Work instructions —
From the line containing "Tesla Model 3" to the line containing "Used 2025 Ford" in the entries below, reproduce every line exactly, ends included. Nothing else belongs in the copy, and no pictures.

*** Provided information ***

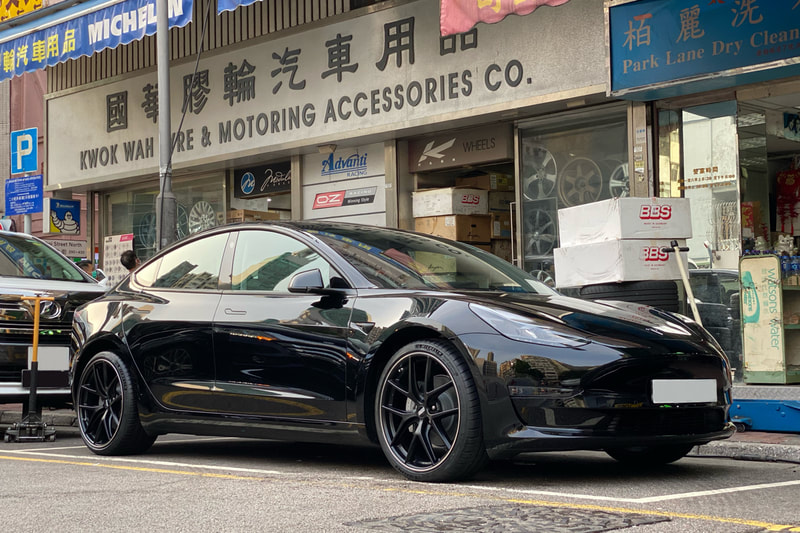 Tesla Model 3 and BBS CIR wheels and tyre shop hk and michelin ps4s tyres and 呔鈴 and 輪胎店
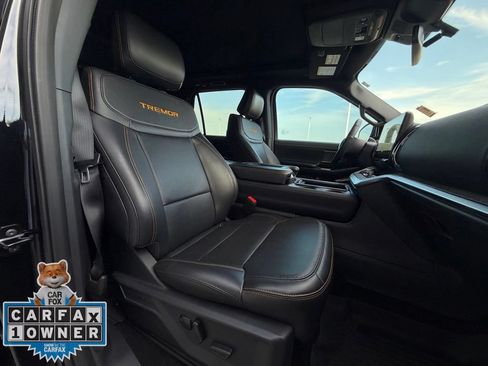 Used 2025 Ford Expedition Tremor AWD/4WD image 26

***
*** Provided information ***

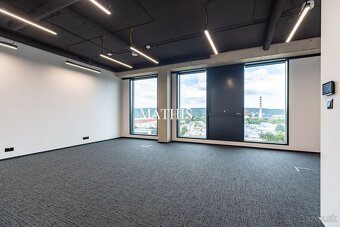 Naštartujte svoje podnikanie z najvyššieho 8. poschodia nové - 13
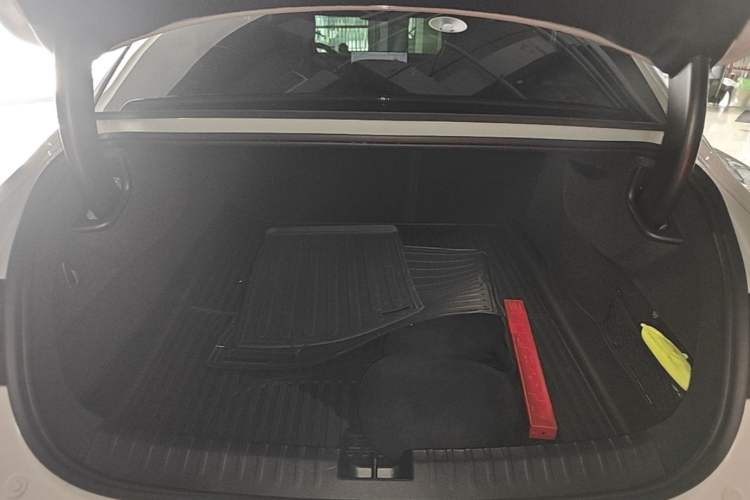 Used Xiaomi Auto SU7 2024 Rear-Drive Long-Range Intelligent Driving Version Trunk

***

Response to the task —
 Tesla Model 3 and BBS CIR wheels and tyre shop hk and michelin ps4s tyres and 呔鈴 and 輪胎店
 Used 2025 Ford Expedition Tremor AWD/4WD image 26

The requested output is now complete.